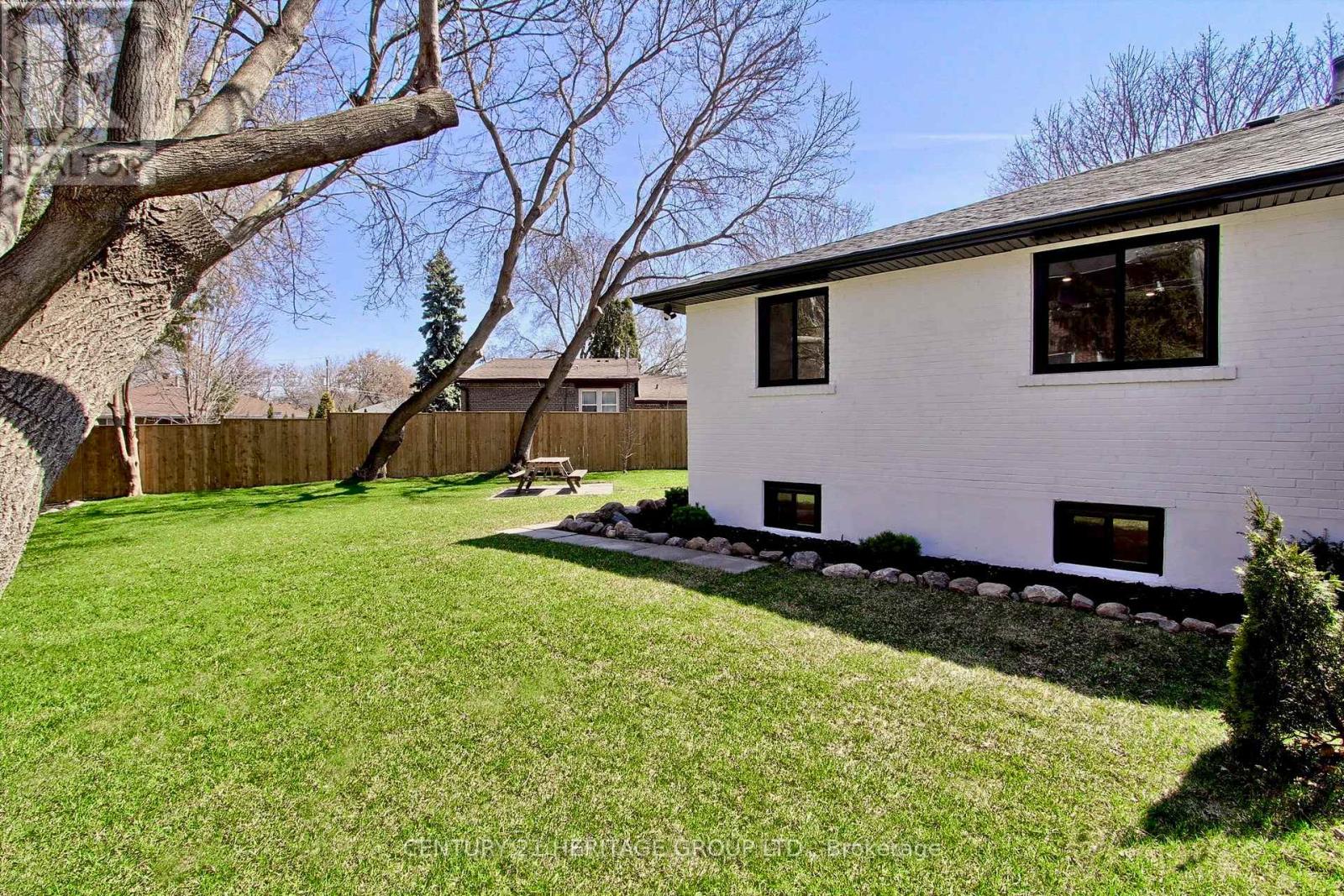 69 Marlin Court, Newmarket, Ontario  L3Y 2W7 - Photo 31 - N12984784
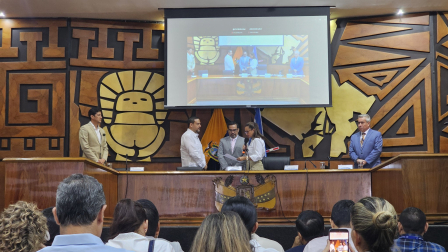 Carlos Encalada fue posesionado como viceprefecto del Guayas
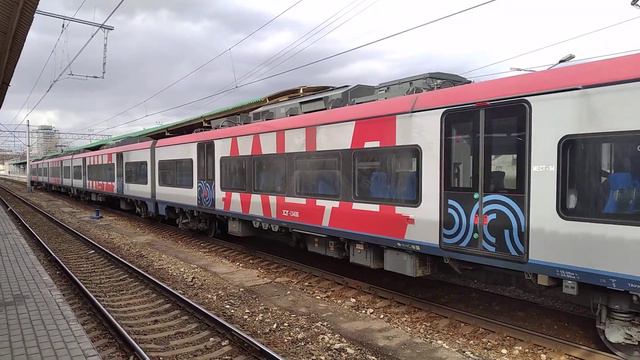 "Ласточка" ЭС2Г-134 в окрасе МЦД смотреть онлайн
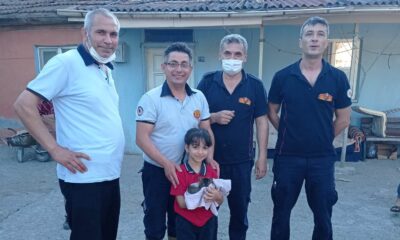 Kuyuya düşen kediyi itfaiye kurtardı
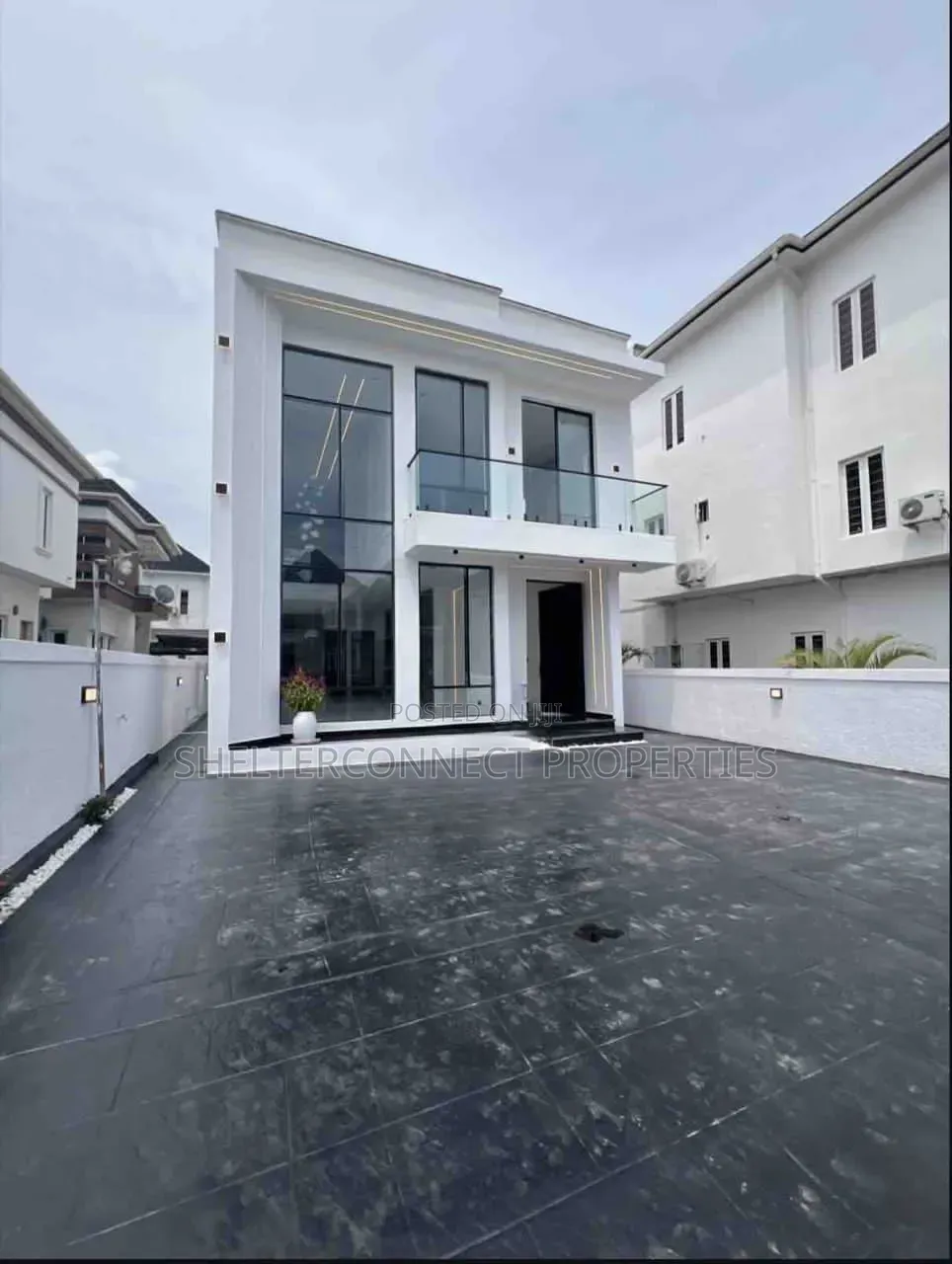 5bdrm Duplex in Lekki Expressway for sale in Lekki Expressway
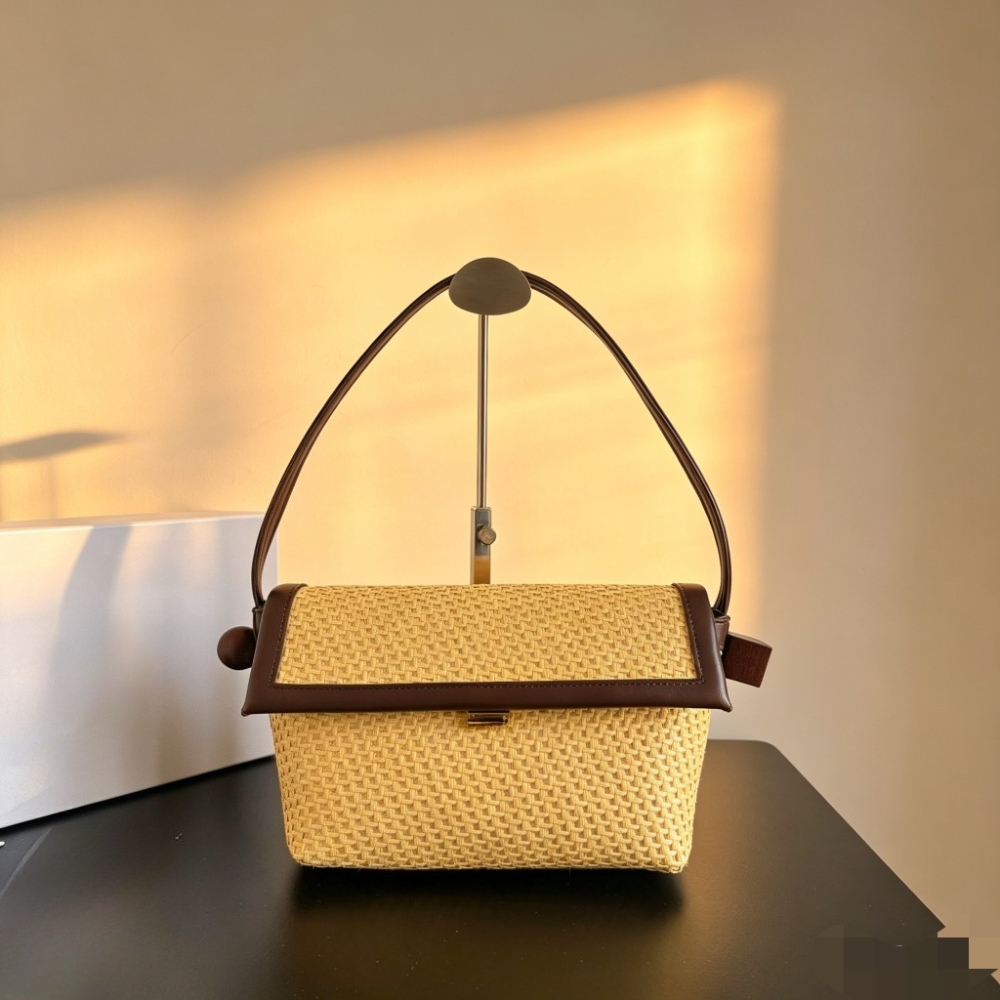 Latest Straw Top Handle Bags The Rond Carre Shoulder Bag Lady Fashion Underarm Purses And Handbags Designer Vacation Totes Day Clutch 2026 New Sling Beach Bag 3650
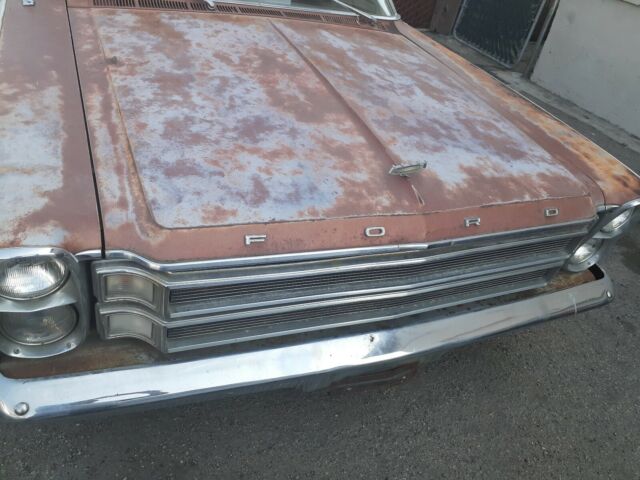 Ford Galaxie 1966 image number 10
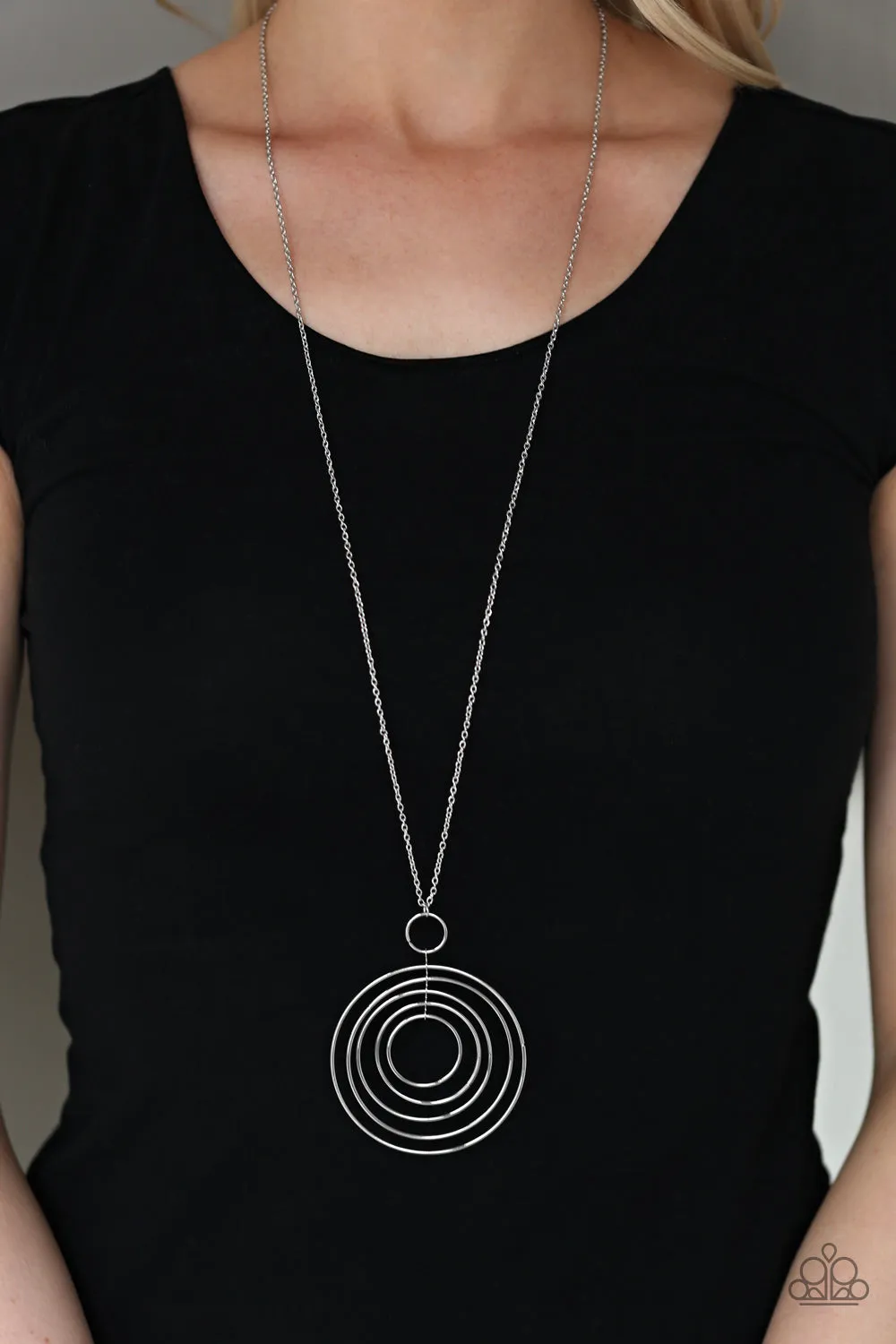 Running Circles In My Mind Silver Necklace Paparazzi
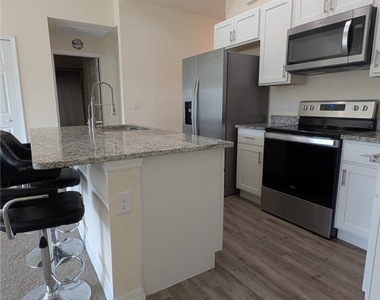 9001 Penny Cir Circle - Photo Thumbnail 1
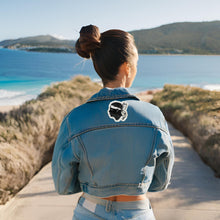 Charger l'image dans la galerie, Écusson corse thermocollant posé sur veste en jean – broderie Tête de Maure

········

Can you repeat every record above exactly, apart from the pictures?

**Response to the task**
 69 Marlin Court, Newmarket, Ontario  L3Y 2W7 - Photo 31 - N12984784
 Carlos Encalada fue posesionado como viceprefecto del Guayas
 "Ласточка" ЭС2Г-134 в окрасе МЦД смотреть онлайн
 Kuyuya düşen kediyi itfaiye kurtardı
 5bdrm Duplex in Lekki Expressway for sale in Lekki Expressway
 Latest Straw Top Handle Bags The Rond Carre Shoulder Bag Lady Fashion Underarm Purses And Handbags Designer Vacation Totes Day Clutch 2026 New Sling Beach Bag 3650
 Ford Galaxie 1966 image number 10
 Running Circles In My Mind Silver Necklace Paparazzi
 9001 Penny Cir Circle - Photo Thumbnail 1
 Charger l'image dans la galerie, Écusson corse thermocollant posé sur veste en jean – broderie Tête de Maure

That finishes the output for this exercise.